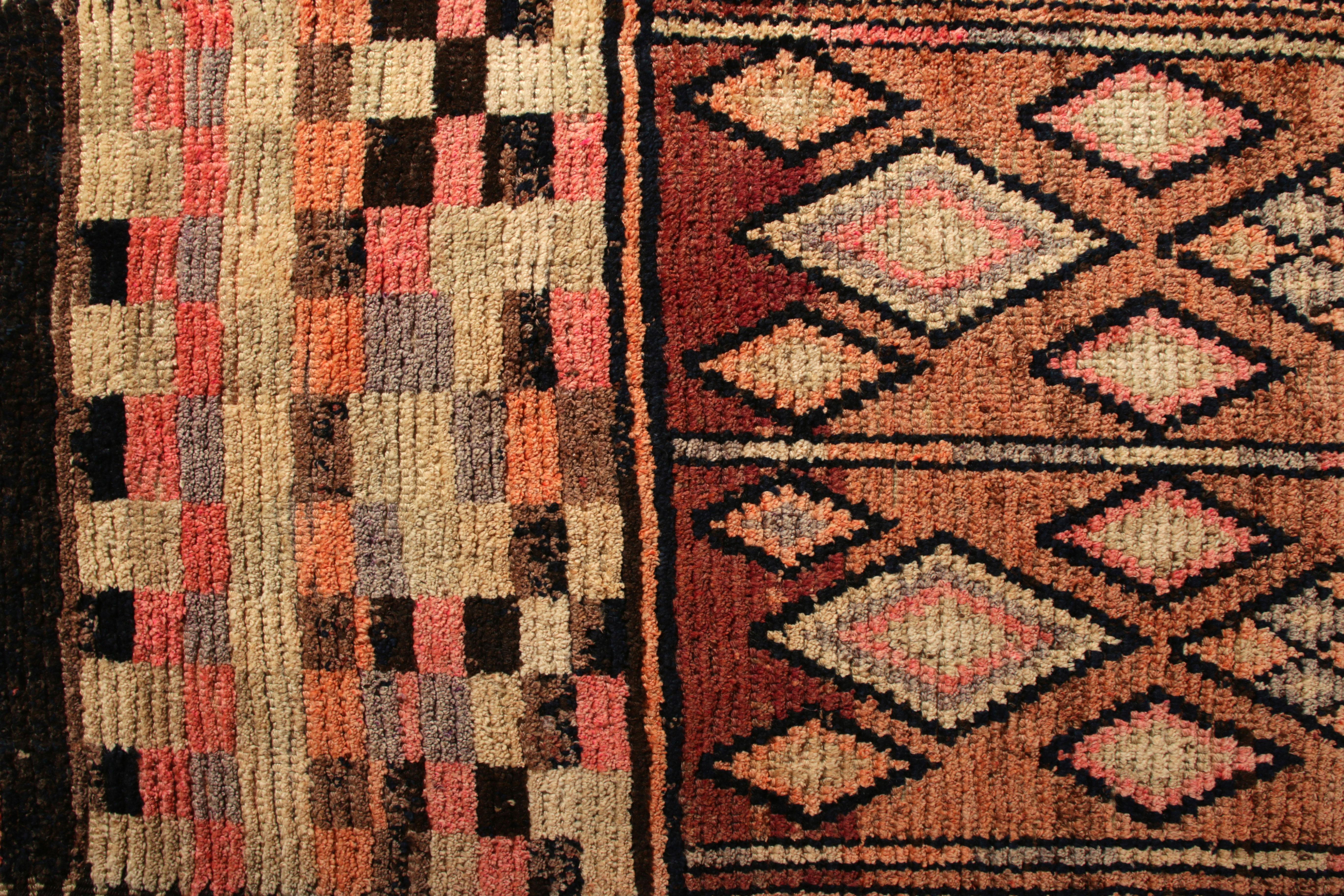 1950s Midcentury Turkish Rug Beige Pink Runner Geometric Pattern by Rug & Kilim In Good Condition In Long Island City, NY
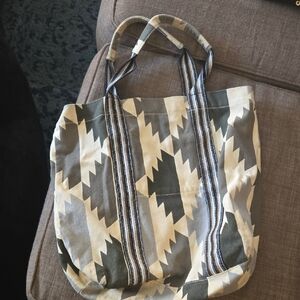 Canvas Geometric Tote Bag in Olive & Cream
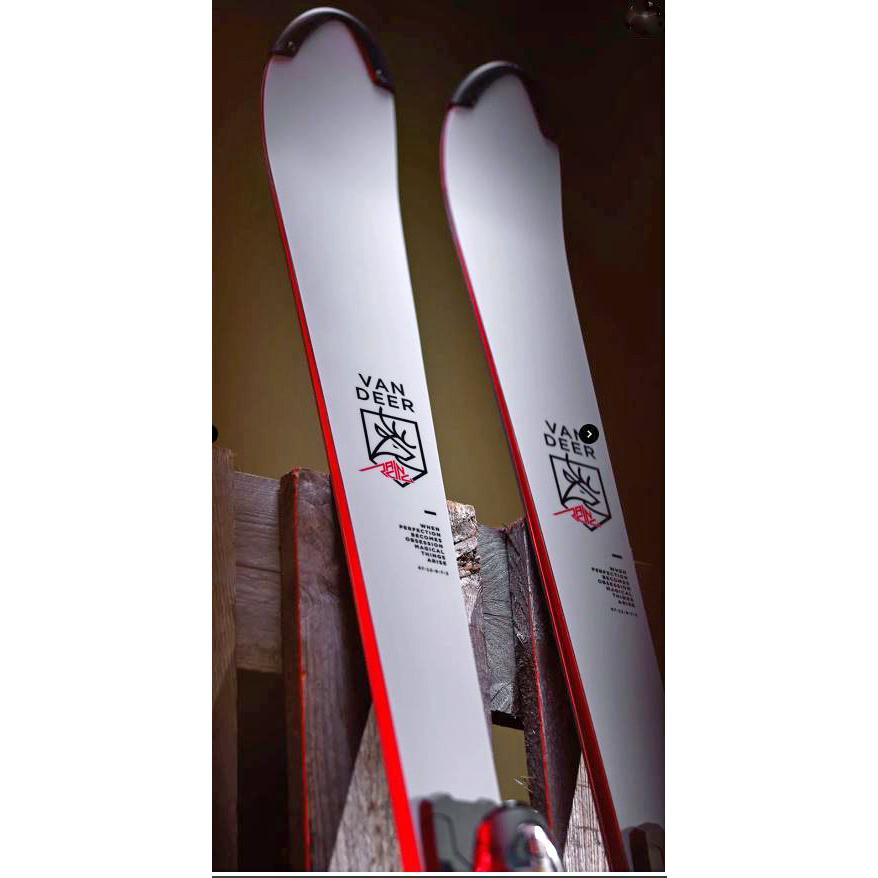 セット★Fishcerスキー板 +Markerバインディング+POMOCAスキン FISCHER SPEEDMAX 3D SKATE Medium COLD - サッポロスキッド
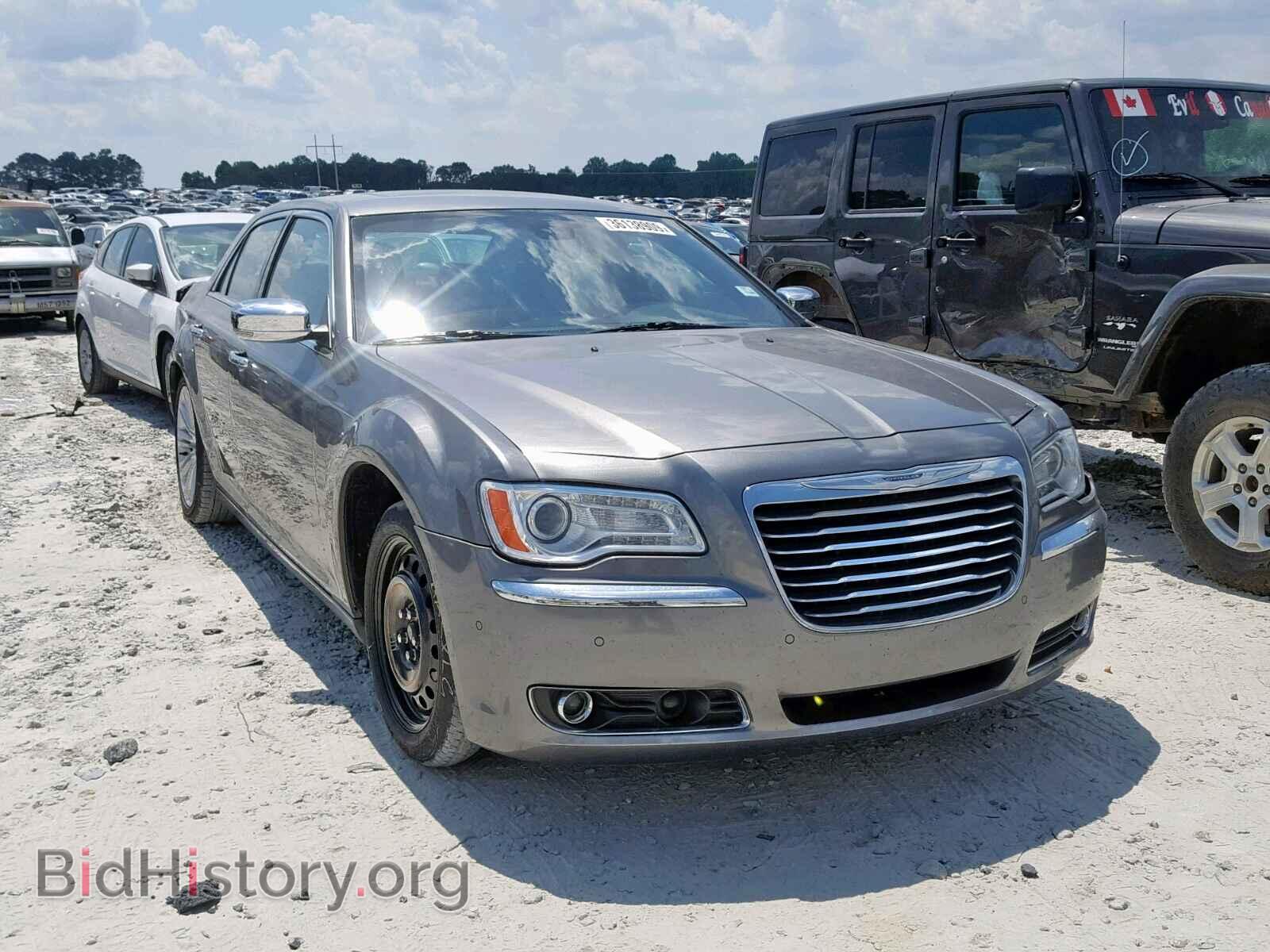 Фотография 2C3CA5CG4BH537229 - CHRYSLER 300 2011
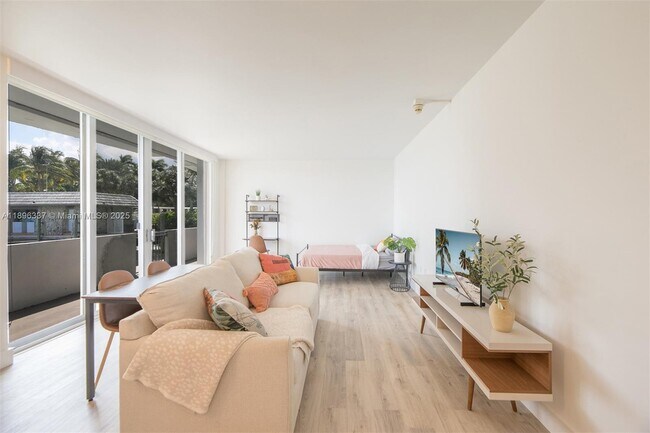 Photo - 770 NE 69th St Unidad 1B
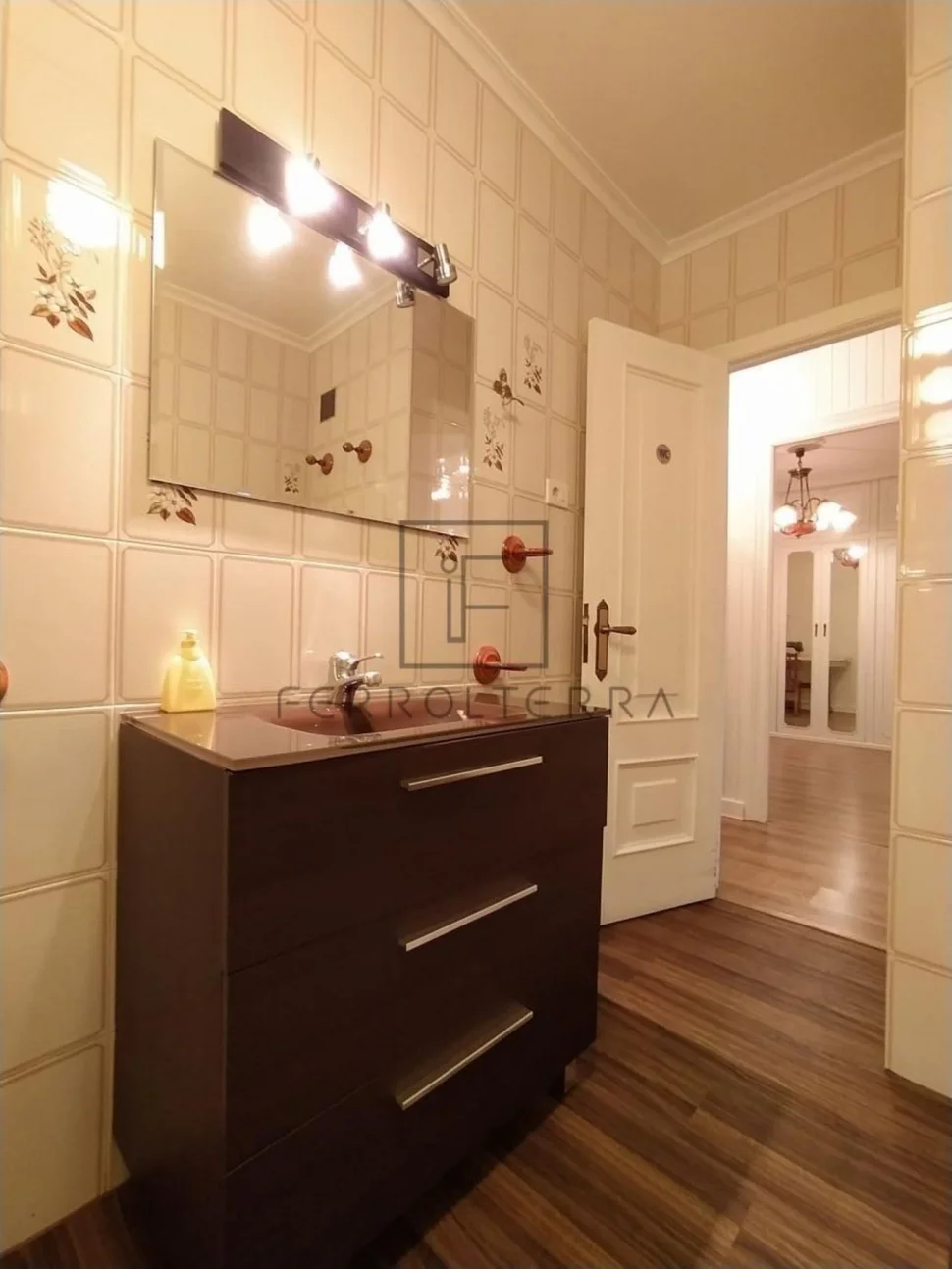 Se vende o alquila con opción a compra piso con terraza y ascensor en la zona del inferniño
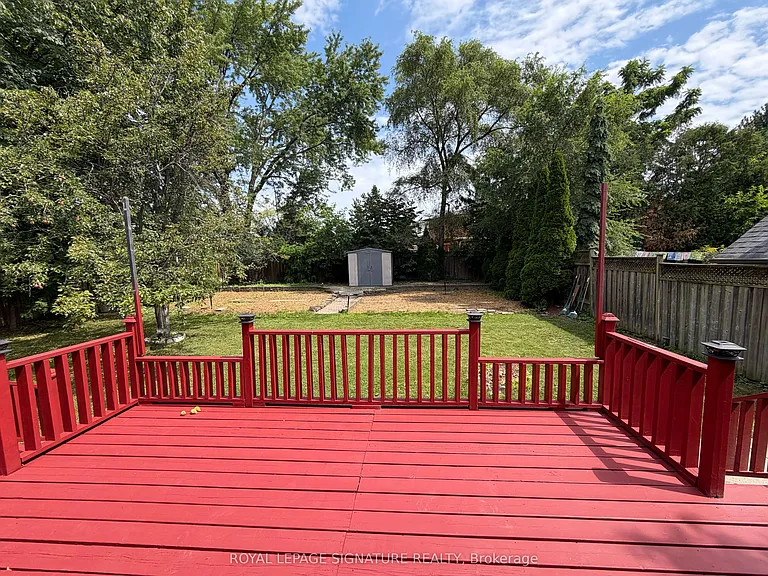 834 Mississauga Valley Blvd — Photo 9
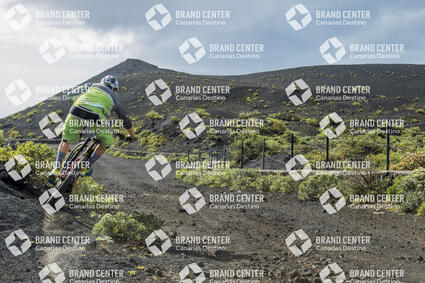 Jordi Bagó on mountain bike by La Palma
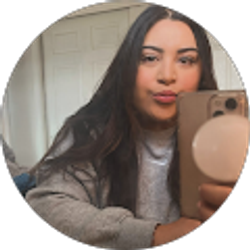 Profile photo of Stephanie Urbina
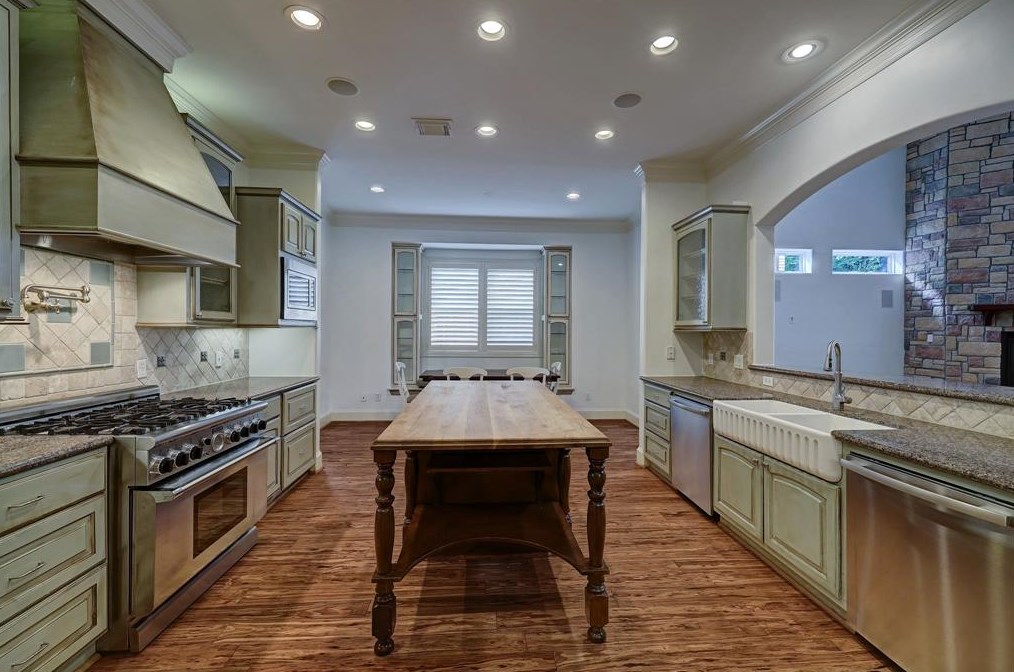 4106 Rice Blvd, Houston TX  77005-1756 exterior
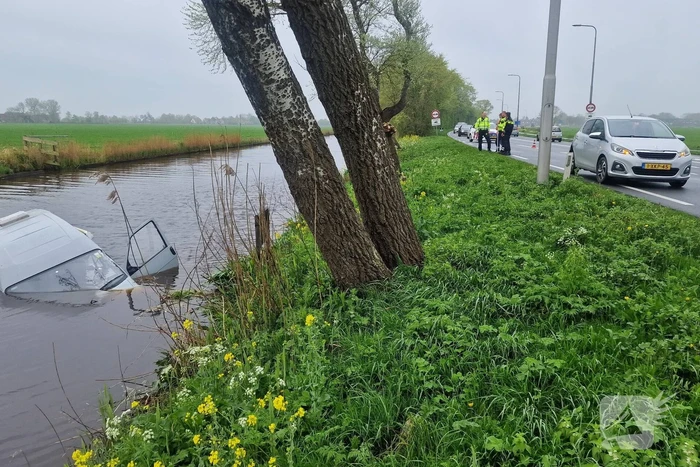 Camper raakt van de weg belandt in het water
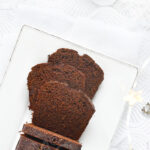 Pain d’épice au chocolat – Version entre cake et pain d’épice, enrichie de cacao, pépites de chocolat, farines sarrasin–châtaigne–T80 et un mélange maison anis, girofle, tonka.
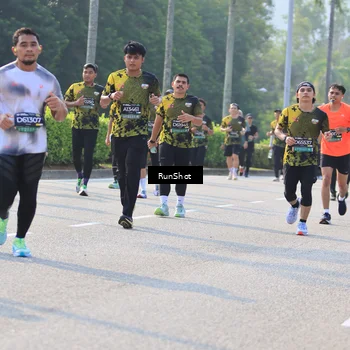 Runner Photo 7011246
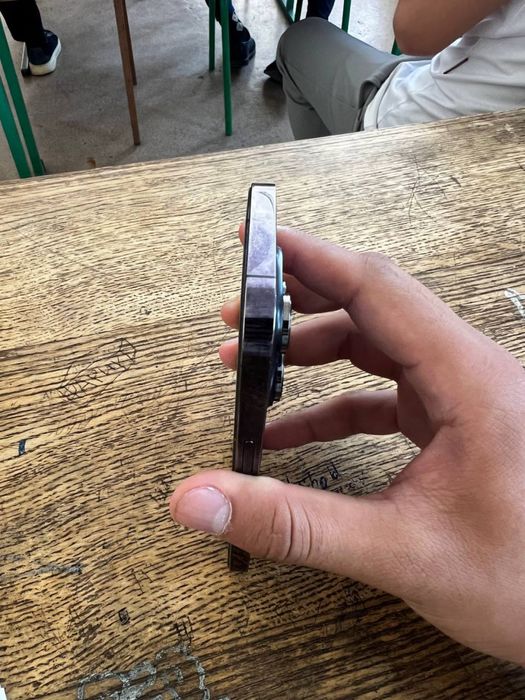 Iphone 14 pro purple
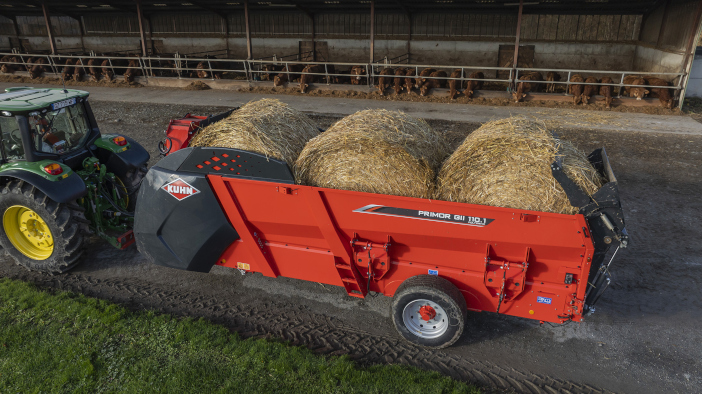 Kuhn adds compact Primor bedding and feeding unit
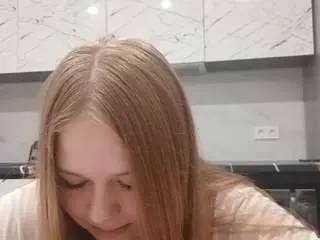 Carlinemcfield  live sex cam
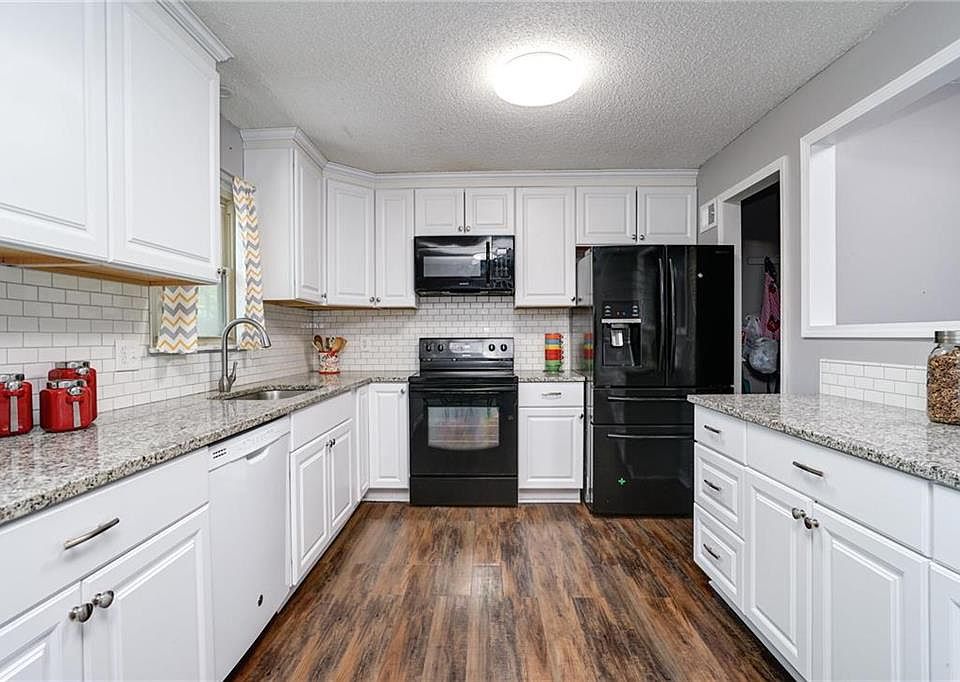 1st image of 821 Englewood St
------------------------------------------------------------
## BRIEF
If a picture falls within the span, leave it out, and reproduce exactly the lines from the one containing "Camper raakt van de weg belandt in het water" through the end of the material, and no others.

## RESULT BELOW
 Camper raakt van de weg belandt in het water
 Pain d’épice au chocolat – Version entre cake et pain d’épice, enrichie de cacao, pépites de chocolat, farines sarrasin–châtaigne–T80 et un mélange maison anis, girofle, tonka.
 Runner Photo 7011246
 Iphone 14 pro purple
 Kuhn adds compact Primor bedding and feeding unit
 Carlinemcfield  live sex cam
 1st image of 821 Englewood St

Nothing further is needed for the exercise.